Work by Takashi Tsukiura, Japanese and Roberto Cabeza, Spanish of Duke University shows something similar with looks: The medial orbitofrontal cortex of the brain is involved in rating both the beauty of a face and the goodness of a behavior, and the level of activity in that region during one of those tasks predicts the level during the other. In other words, the brain does similar things when contemplating beautiful minds, hearts or cheekbones. And it assumes that cheekbones tell you something about minds and hearts.

It’s a discouraging finding. But there’s also some good news in this story: The brain can get confused in both directions. In other words, the same neural wiring that gives rise to ‘What is beautiful is good’ also generates ‘What is good is beautiful.’

In studies by Sampo Paunonen of the University of Western Ontario, heterosexual subjects of both genders viewed pictures of people of the opposite sex, described as having varying degrees of intelligence, independence and honesty. Degrees of independence and intelligence had no effect on their ratings of attractiveness. But people who were described as being more honest were rated as more likable, and the more likable, the more physically attractive.

It seems that things even out in the end.

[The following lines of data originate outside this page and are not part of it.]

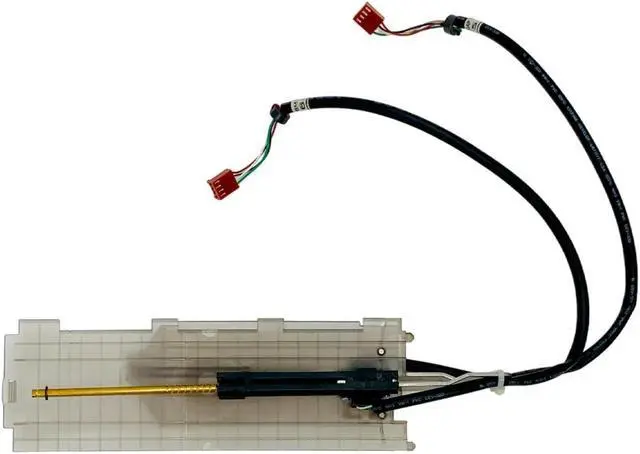 Main image of Genuine Intermec 1-040109-11 Label Stop Sensor for PX6i ONLY Barcode Printer OEM
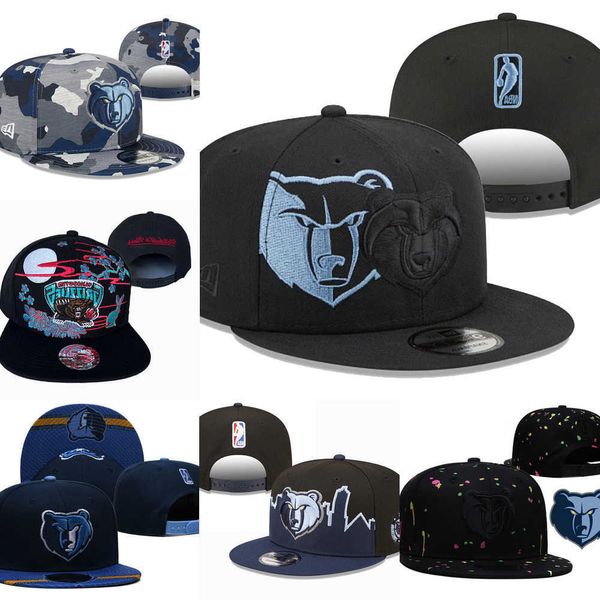 snapbacks memphis''grizzlies''basketball hats sports caps adjustable fit hat, Black;white
snapbacks memphis''grizzlies''basketball hats sports caps adjustable fit hat, Black;white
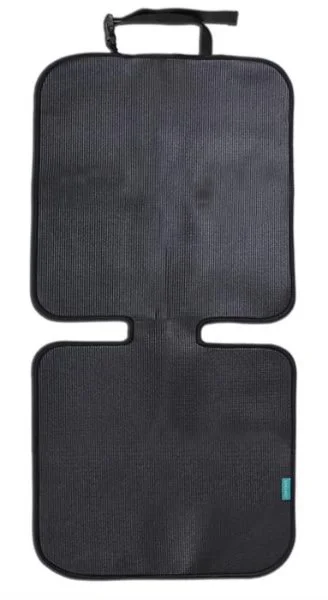 Protectie integrala pentru scaunul auto Apramo PVC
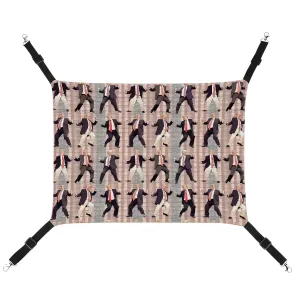 Pet Hammock - Donald Trump, MAGA 20 Designs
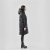 Women's Elkridge Parka, black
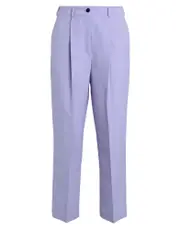[KARL LAGERFELD] KARL LAGERFELD Pants - Item 30015535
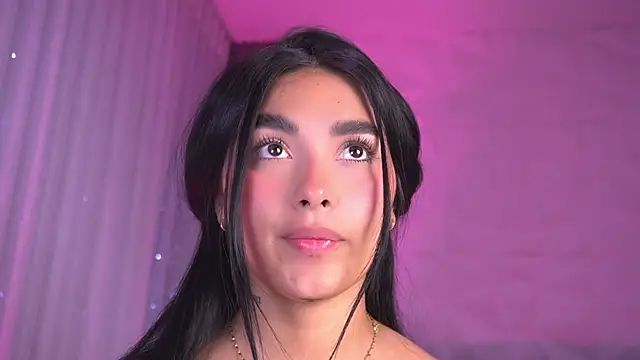 katy_rioss webcam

On the one hand, we’re more likely to believe that the earth is flat just because a beauty queen says so. But on the other hand, people are more likely to see that the goodness of Mother Teresa or Gandhi is beautiful.

每隔一段时间,我们就会听到最近有某某选美大赛选手在回答简单问题时错得离谱、观点离奇或前言不搭后语地闲扯。有位巴拿马的选美选手认为“Confucius”(孔子)开创了“Confusion”(困惑)哲学,夏威夷小姐只用描述夏威夷的“‘多岩石的海岸”和“多沙的沙滩”之类的词汇来形容美国,而南卡罗来纳妙龄小姐则解释说美国人对地理了解不够是因为很多人买不起地图。

真是可笑。但更荒唐的是,我们的大脑往往会偏向于相信这些人——只是因为她们长相好看。

德国诗人弗里德里希·席勒(Friedrich Schiller)曾写道:“外表美是内在美、精神美和道德美的标志。”他的这个观点显得有些奇怪——如果你看过他的肖像的话:如果1788年有《人物杂志》(People Magazine)“在世最性感男人”榜单,他那显眼的大鼻子应该会让他落选。

在那之后的这些年中,研究表明从较小年纪开始——在男性与女性及众多不同的文化中——长相迷人者往往被认为更聪明、更和善、更诚实及值得信任。显然,我们认为“美即是好”的偏向导致我们做出了一些糟糕的婚配决定。

在政治方面,我们也倾向于相信并投票给长相迷人者,在工作招聘中同样如此。至于那些显然有失理智的法官,上世纪70年代至90年代期间的众多研究发现,长相较美的人被判有罪的可能性更小,而且即使被判有罪,所判的刑期也短于平均水平。

事情为什么会这样呢?有些人提出,由于遇见长相迷人者和品德优良诚实者都令人愉快,我们会不自觉地把这二者混为一谈。但是,这种将美妙经历混为一体的说法似乎并不让人信服。毕竟,很少有人会把阅读废奴运动的胜利带来的快乐与和洗泡泡浴与吃一盒Twinkie奶油夹心蛋糕的愉悦混在一起。

相反,原因似乎是大脑将比喻意义与表面意义混淆了,这是一种相当常见的错误,因为大脑区域常常要处理多种任务。比如说,同一个区域需处理身体及情感上的痛苦并要“感受”他人的痛苦。还有一个大脑区域,它是味觉嫌恶(对腐烂食物的味道产生恶心反应)及精神嫌恶(对某些骇人的行为产生恶心反应)反应的中枢区域。

美国杜克大学(Duke University)的月浦崇(Takashi Tsukiura)与罗伯托·卡韦萨(Roberto Cabeza)对外貌的研究获得了类似的发现:大脑的内侧眶额皮层既参与评判脸蛋的美丽程度,又评判行为的好与坏,从该区域处理其中一项任务时的活跃程度可预测出它处理另一项任务时的活跃程度。换句话说,在思考一个人有没有出色的头脑、善良的心灵或好看的脸蛋时,大脑的运作机制是类似的。它假定脸蛋就能让你了解一个人的头脑与心灵。

这是一个让人沮丧的发现。不过,它也带来了好消息:大脑可能在两个相反的方向上都会搞糊涂。也就是说,让你产生“美即是善”想法的那条神经线路也会让你产生“善即是美”的想法。

在西安大略大学(University of Western Ontario)桑波·保诺宁(Sampo Paunonen)的研究中,异性恋的男女受试者观看了一些异性的照片,照片上的人被描述为智力、独立性和诚实度各有不同。研究发现,独立性及智力的高低程度未影响他们对长相迷人程度的评判,不过被形容为较诚实的人也会被认为更讨人喜欢,而越讨人喜欢的人,外貌也就更具吸引力。

如此看来,事情最终都扯平了。一方面,我们可能因为一位美貌的女王说过地球是平的就相信这句话;另一方面,我们也有可能因为特雷莎修女(Mother Teresa)或甘地(Gandhi)的善良而认为他们是美的。